Utica Still Without Top Threee Commisssioners
July 3rd 2012 · 0 Comments
During former Mayor David Roefaro’s final year in office, the City saw what was termed the “City Haul.” In January of last year, Roefaro abruptly fired Robert Sullivan as his Economic Development Commissioner, Sullivan’s sister and longtime Corporation Counsel, Linda Sullivan-Fatata, and then Codes Commissioner Robert Palmieri. Palmieri went on to win the Mayor’s seat in the November election.
Now, six months into his administration, the three vital positions remain unfilled. They were all budgeted for in the budget passed by Palmieri and the Council earlier this year, so taxpayers aren’t saving from the vacancies. Another initiative the Mayor set out to accomplish was his pledge for transparency and the creation of an Ethics Board. The Ethics Board was actually created by legislation of the Council in 1994, but has been inactive since. Palmieri said at the time he planned to have the board up and running by April “to make sure everything is on the up-and-up and it’s transparent.” He has made two appointments, but as of this article, the board is still not up and running.

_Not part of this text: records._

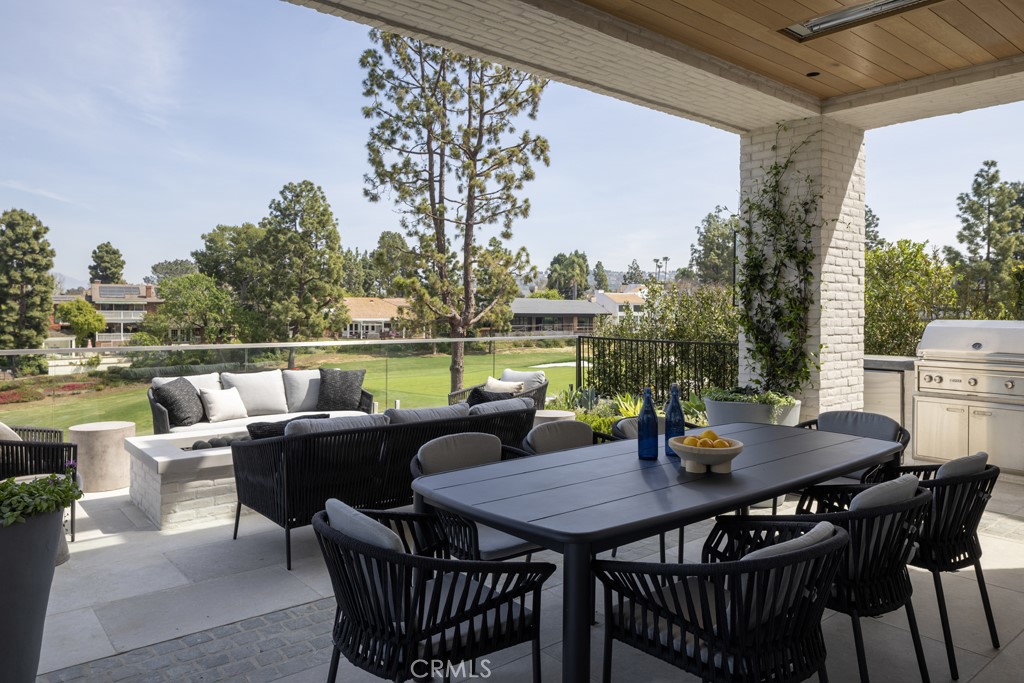 8 Cherry Hills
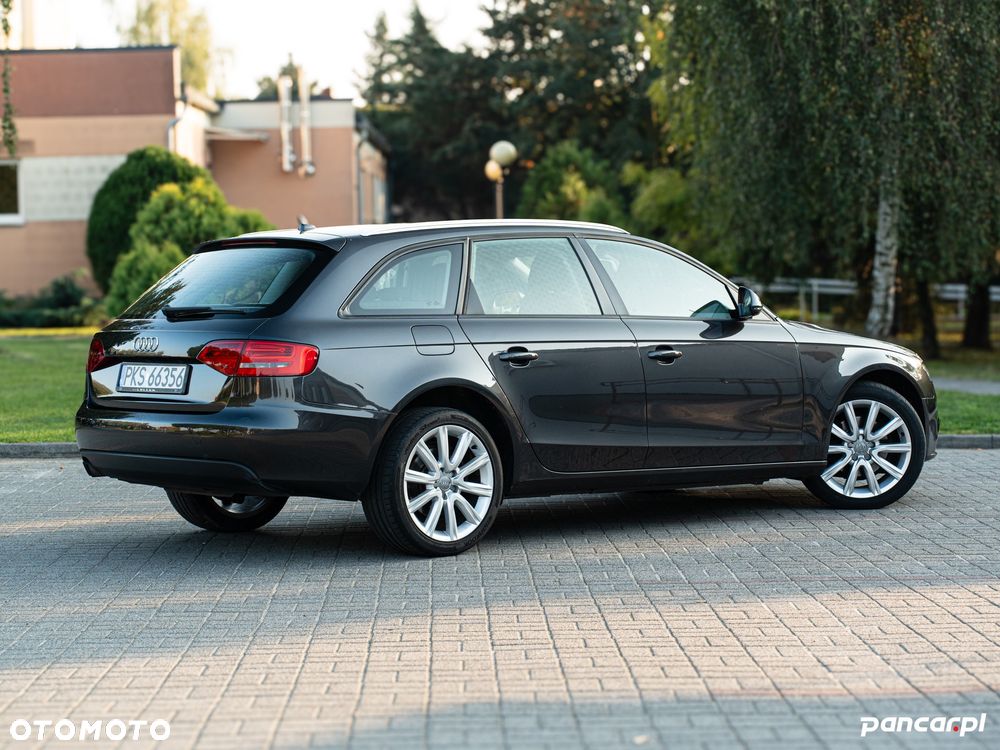 Audi A4 Avant - 11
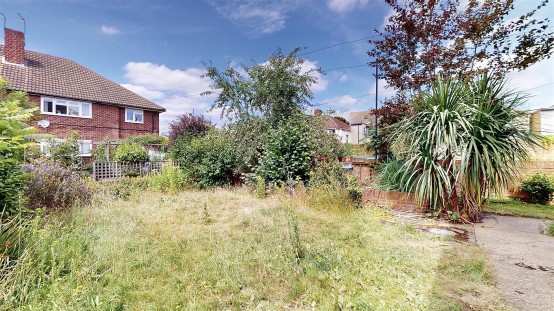 Images for Lismore Close, Isleworth EAID:ajmanserapi BID:1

It’s been a year without an Economic Development Commissioner and a year and a half without a Codes Commissioner and Full-Time Corporation Counsel.
Economic Development has been a mixed bag during the first six months of the Palmieri administration. With the good news of the sale of the long contaminated Bossert site, there’s the news of lost jobs and businesses closing. The unemployment rate in the area is at 8.6%, the highest recording since the state started keeping statistics.

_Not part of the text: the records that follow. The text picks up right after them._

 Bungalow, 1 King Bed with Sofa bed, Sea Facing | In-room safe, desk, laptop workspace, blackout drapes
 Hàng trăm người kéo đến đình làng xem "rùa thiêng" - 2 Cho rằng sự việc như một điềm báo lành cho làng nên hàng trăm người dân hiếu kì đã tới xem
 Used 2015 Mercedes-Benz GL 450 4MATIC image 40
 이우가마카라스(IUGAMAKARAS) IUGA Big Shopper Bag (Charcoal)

Some have complained that Palmieri has been micromanaging City Hall. At the last Common Council meeting, Council President Bill Morehouse asked where the Mayor was and rhetorically answered his own question with, “He’s micromanaging the city, that’s what he’s doing.” This has been the reference to the Mayor’s ongoing “Street Sweeps” that he engages in every Wednesday. This reporter visited the Mayor and his Chief of Staff for comments on this story on Wednesday and was denied much of a comment and hurried out of the office as the pair left for one of these sweeps. Asked if he wanted to respond to any comments or issues, Palmieri seemed to get upset and responded, “We’re not talking about it or responding to any of that garbage.”
Councilman Frank Vescera, D-1, said he’s asked the Mayor at Council meetings and other public events about the progress of the appointments. ”As Chairman of the Economic Development Committee, not filling these vital positions demonstrates the inability of this administration to act responsibly on behalf of Utica taxpayers,” Vescera said.
Vescera sited the GroWest scandal, the purchase and demolition of the former Gaetano property on Bleecker Street and the former UCAI scandal as examples of, “what happens when Economic Development is left without proper management. It’s an example of the gross misconduct of taxpayer dollars,” Vescera said.
Councilman Joe Marino, D-4, says he’s not very worried about Codes and Corporation Counsel. ”I think the current leadership in Codes and the Corporation Counsel office are getting along fine,” said Marino. Marino said his biggest concern is with Economic Development. ”It’s a huge concern. We need a leader not just a planner,” Marino said. He added, “We need to solve our problems by growing our way out of them, not just taxing the people more.” Marino did say that his communication with the administration since taking office in January has been good.
Current part-time Corporation Counsel is Mark Curley. Longtime Assistant Corporation Counsel, Charles Brown, is set to retire at the end of the week. That will leave his position vacant along with an unfilled position in the budget.
Comptroller Mike Cerminaro says, from a financial standpoint, that his biggest concern is filling the position of Finance Director overseeing CDBG funds. Cerminaro said he has been working with the administration and has been assured that the position will be filled very soon.
With the current fiscal situation in the city, it will be interesting to see how the second half of Palmieri’s first year goes. The first budget was marked by major layoffs, spending down of the city’s reserve funds and Water Trust Fund, and still included a 10% property tax increase. Many are predicting a similar situation for next year’s budget. Cerminaro says the city is looking at possibly finishing the year with a couple million dollar gap.